Stora Hult Strand

Stora Hult Strand

I vividly remember the very first time I visited Stora Hult Strand in Vejbystrand. It was the spring of 1997 and Charlotte and I had been dating for about six months. After a night in Malmö, we made a quick pitstop at her summer house on our way back to Göteborg.

The ancient name of the area within the village of Vejbystrand where the family house sits is Stora Hult, which roughly translates into “the big forest”. There’s not much of a forest here today, though.

The image above is from last night at the beach in Stora Hult. The first time I walked along it, I remember thinking how wonderfully untouched it looked. Unlike any of the beaches I’d ever been to thus far, much of Stora Hult Strand was covered with seaweed, rocks, and driftwood. As we walked along the shoreline, a pungent smell from rotting seaweed lingered but didn’t disturb us at all.

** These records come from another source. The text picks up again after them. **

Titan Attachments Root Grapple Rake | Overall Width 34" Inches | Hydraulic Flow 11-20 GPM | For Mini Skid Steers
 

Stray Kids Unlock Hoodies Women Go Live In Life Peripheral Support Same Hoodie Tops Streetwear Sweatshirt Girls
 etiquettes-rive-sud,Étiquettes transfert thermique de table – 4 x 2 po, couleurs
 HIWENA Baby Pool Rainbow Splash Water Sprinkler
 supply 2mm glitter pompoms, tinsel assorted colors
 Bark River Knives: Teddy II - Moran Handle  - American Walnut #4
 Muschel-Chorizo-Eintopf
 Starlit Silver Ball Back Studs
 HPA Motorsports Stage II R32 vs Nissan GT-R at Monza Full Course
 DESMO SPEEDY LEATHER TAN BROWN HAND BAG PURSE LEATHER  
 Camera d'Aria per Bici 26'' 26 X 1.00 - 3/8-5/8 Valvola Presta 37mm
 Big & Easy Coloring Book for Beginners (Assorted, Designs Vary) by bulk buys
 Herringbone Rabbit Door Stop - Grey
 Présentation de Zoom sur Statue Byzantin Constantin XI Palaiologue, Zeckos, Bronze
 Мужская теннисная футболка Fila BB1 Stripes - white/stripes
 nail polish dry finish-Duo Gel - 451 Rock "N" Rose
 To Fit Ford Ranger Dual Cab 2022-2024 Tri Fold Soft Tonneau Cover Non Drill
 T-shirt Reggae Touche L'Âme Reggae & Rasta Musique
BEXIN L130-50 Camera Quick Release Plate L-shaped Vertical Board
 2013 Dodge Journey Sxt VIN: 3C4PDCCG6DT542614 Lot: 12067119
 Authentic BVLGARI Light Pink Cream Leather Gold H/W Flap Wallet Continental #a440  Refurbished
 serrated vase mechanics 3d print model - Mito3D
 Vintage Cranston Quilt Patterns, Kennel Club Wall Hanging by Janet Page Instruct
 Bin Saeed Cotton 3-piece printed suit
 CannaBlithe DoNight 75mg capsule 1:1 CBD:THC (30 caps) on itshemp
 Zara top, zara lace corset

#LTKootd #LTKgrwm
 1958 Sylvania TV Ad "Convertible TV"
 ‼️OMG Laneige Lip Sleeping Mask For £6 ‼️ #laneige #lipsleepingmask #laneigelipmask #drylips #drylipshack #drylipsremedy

Stora Hult Strand is unique and about as far as you can get from your typical postcard-perfect beaches in the Seychelles, on the Greek islands, in Spain, Hawaii, along Southern California’s coast, or South East Asia. And because it was so unapologetically natural, I thought it looked really exotic.

I was alone there last night. Most people were at home, sitting in front of the “tube”, utterly oblivious of the phenomenal scene playing out down by the sea. What a privilege it was.